Because it can identify recent drug use, it’s becoming a popular choice for random drug testing. In fact, the HHS (The Health and Human Services Administration) approved the use of this test as an alternate drug testing method for all federally mandated employers as of January 1, 2020.
At this time, it’s uncertain whether or not the DOT will incorporate the test into its regulations.
The less common hair follicle drug test offers the same ease as mouth swab testing, however, it’s more expensive.
The fact that it offers a 90-day detection window overrides the added cost in the eyes of more and more business owners. In fact, the DOT officially requested that the hair test replace the urinalysis. The request is working through the chain-of-command and many expect to hear the final decision soon.
This test requires the collector to cut a small (less than 1” wide) amount of hair, preferably from near the base of the scalp, and secure it in a zipper-lock plastic bag. While this testing method is simple and convenient, some staff may have a problem with having their hair cut.

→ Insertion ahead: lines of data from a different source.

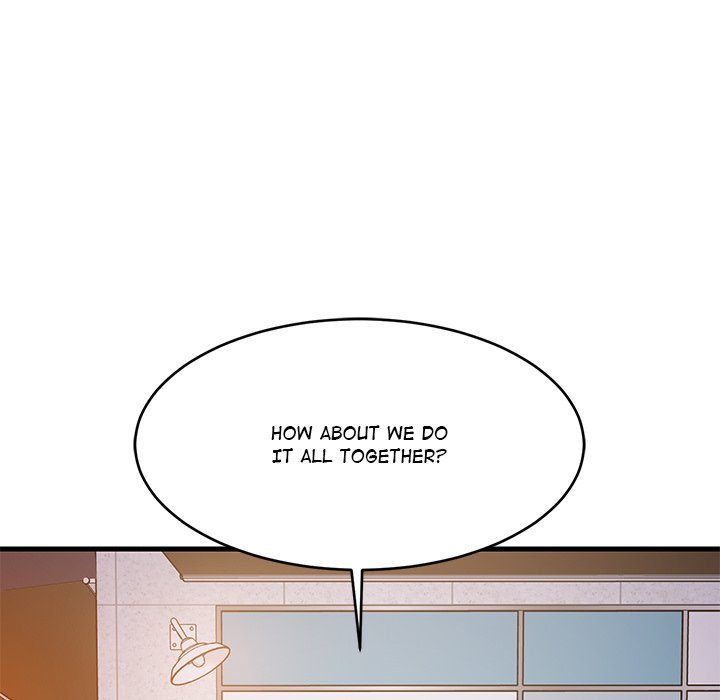 College Grades Skyrocketing Chapter 55 - HolyManga.Net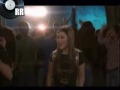 Perdida (Rafa Remix Radio Mix)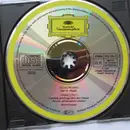 CD - Liszt / Julius Reubke (- Simon Preston) - Reubke: Sonata / Liszt: Fantasia And Fugue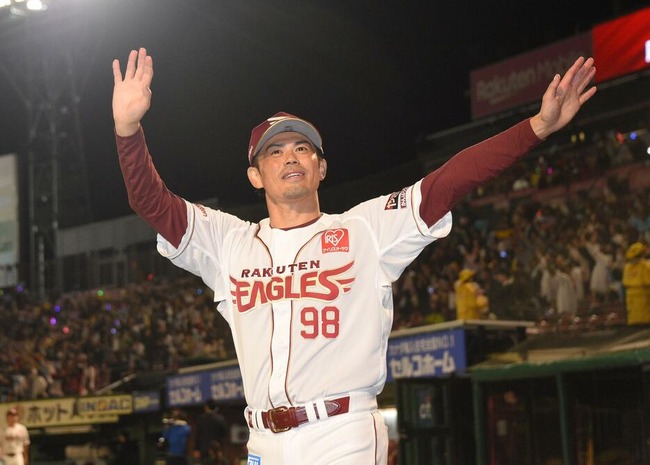 uUzvQ3lML_bkIqyakc1vFhNrRI0RUQxg5aFkrX0xDg1_T0wXrbEJjtNGtrf1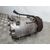 Compresor Aire Acondicionado Para Ford Focus C-Max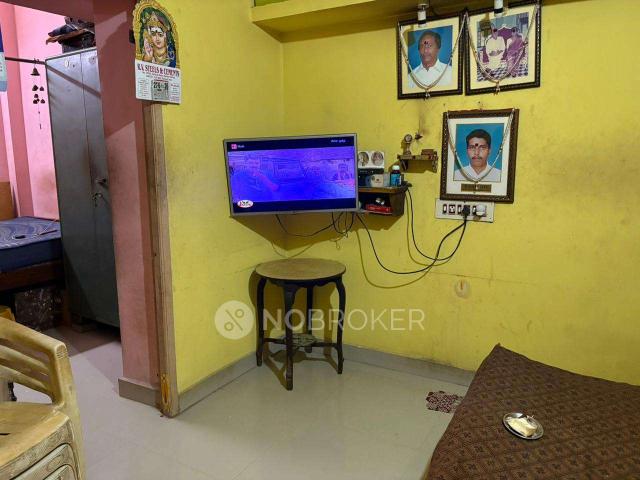 2 BHK House For Sale In Thiruvallur
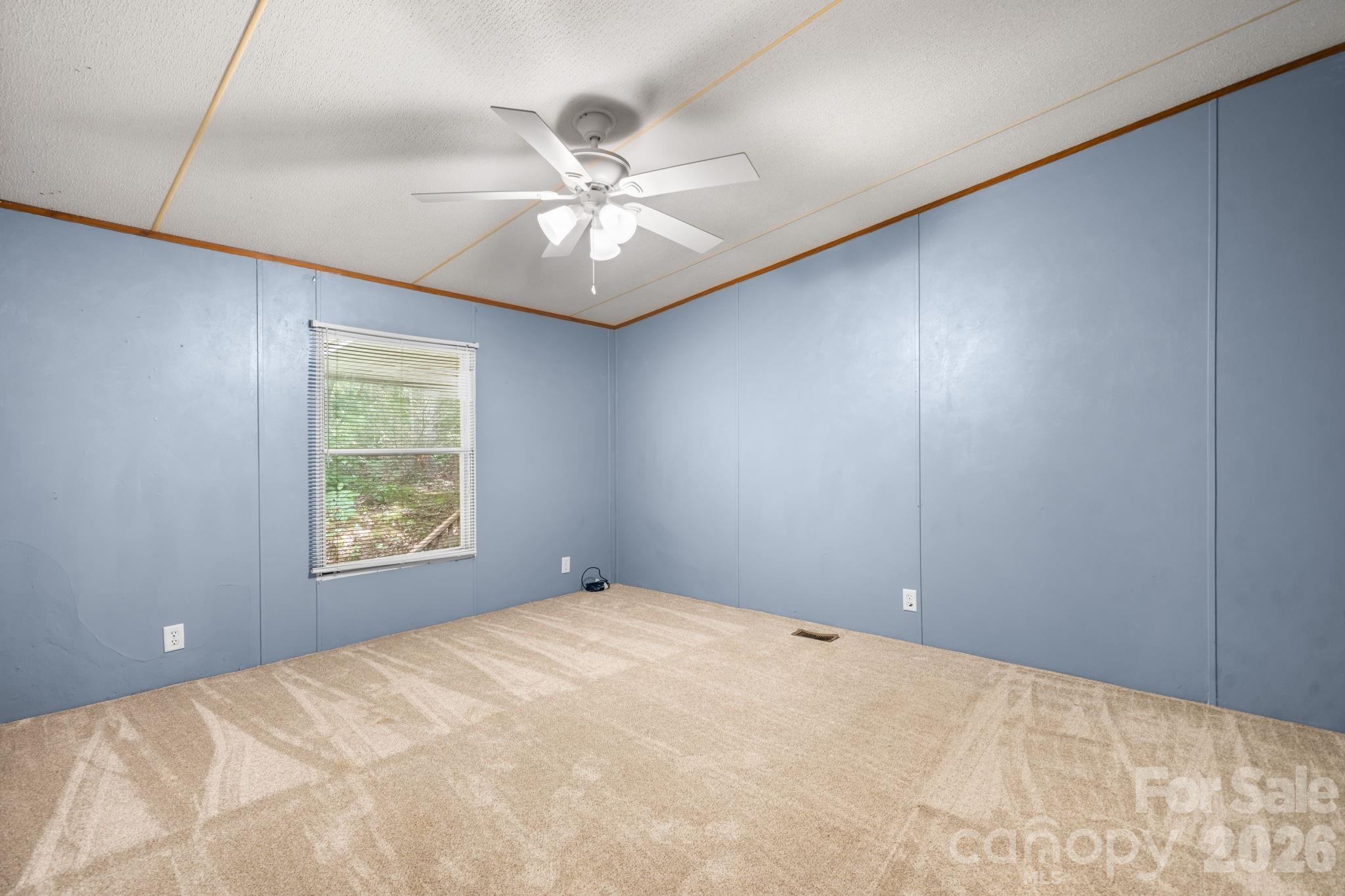 4901 Uncle Freds Place — Morganton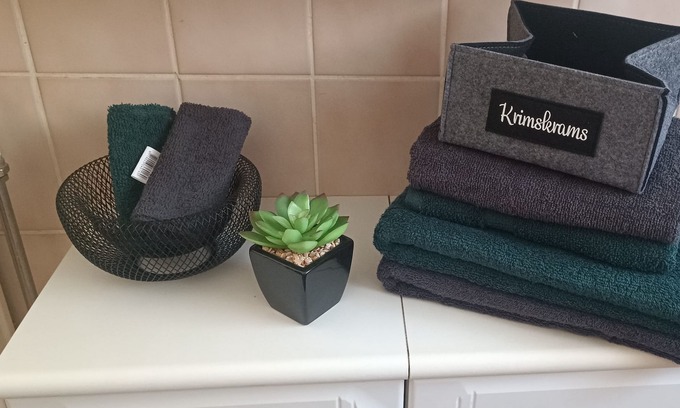 Werdohl Apartment | Vrbo Property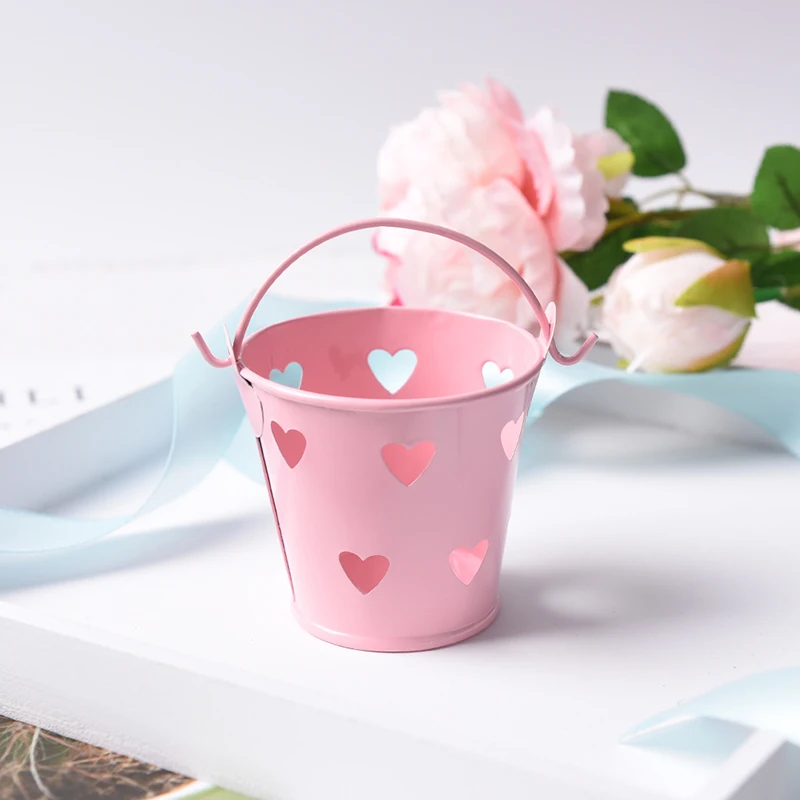

1 PCS Creative Elegant Crown Storage Pen Pencil Brush Holder Nail Art Pen Rack Stand
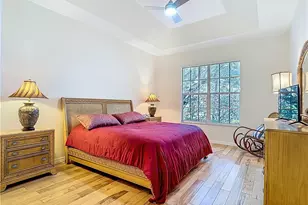 1195 Imperial Dr, Naples, FL 34110 - Photo 7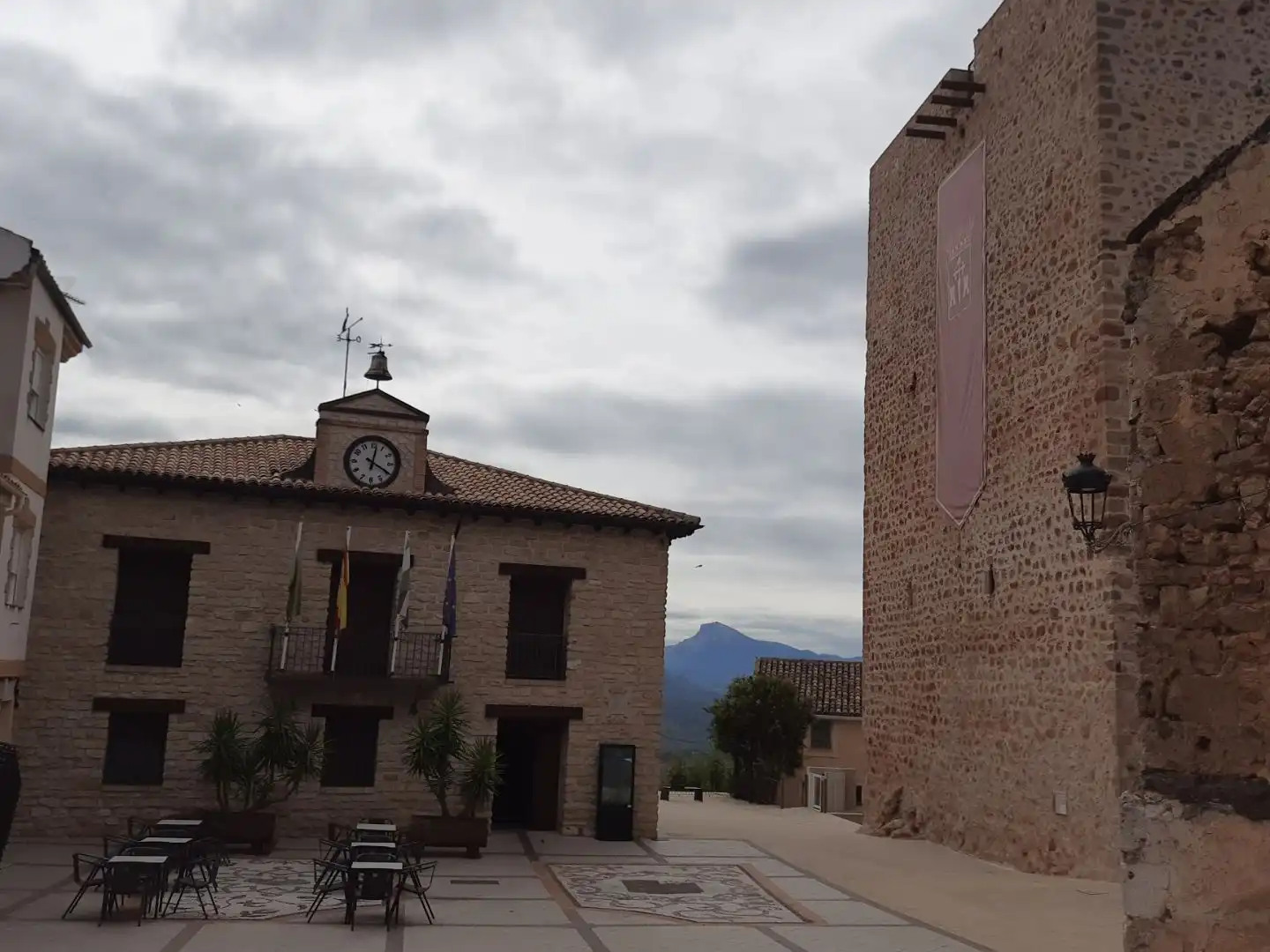 House for sale in Ramón y Cajal 32, imagen 4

Body hair can be taken instead and is tested by volume rather than length. Administrators gather enough hair to equal the size of a cotton ball about an inch in diameter.
Body hair provides a longer detection window than head hair. Hair collected from an employee’s head will detect drug use for about 90-days, while hair collected from the body will detect drug use for about a year.
The hair test doesn’t detect current impairment or very recent drug use.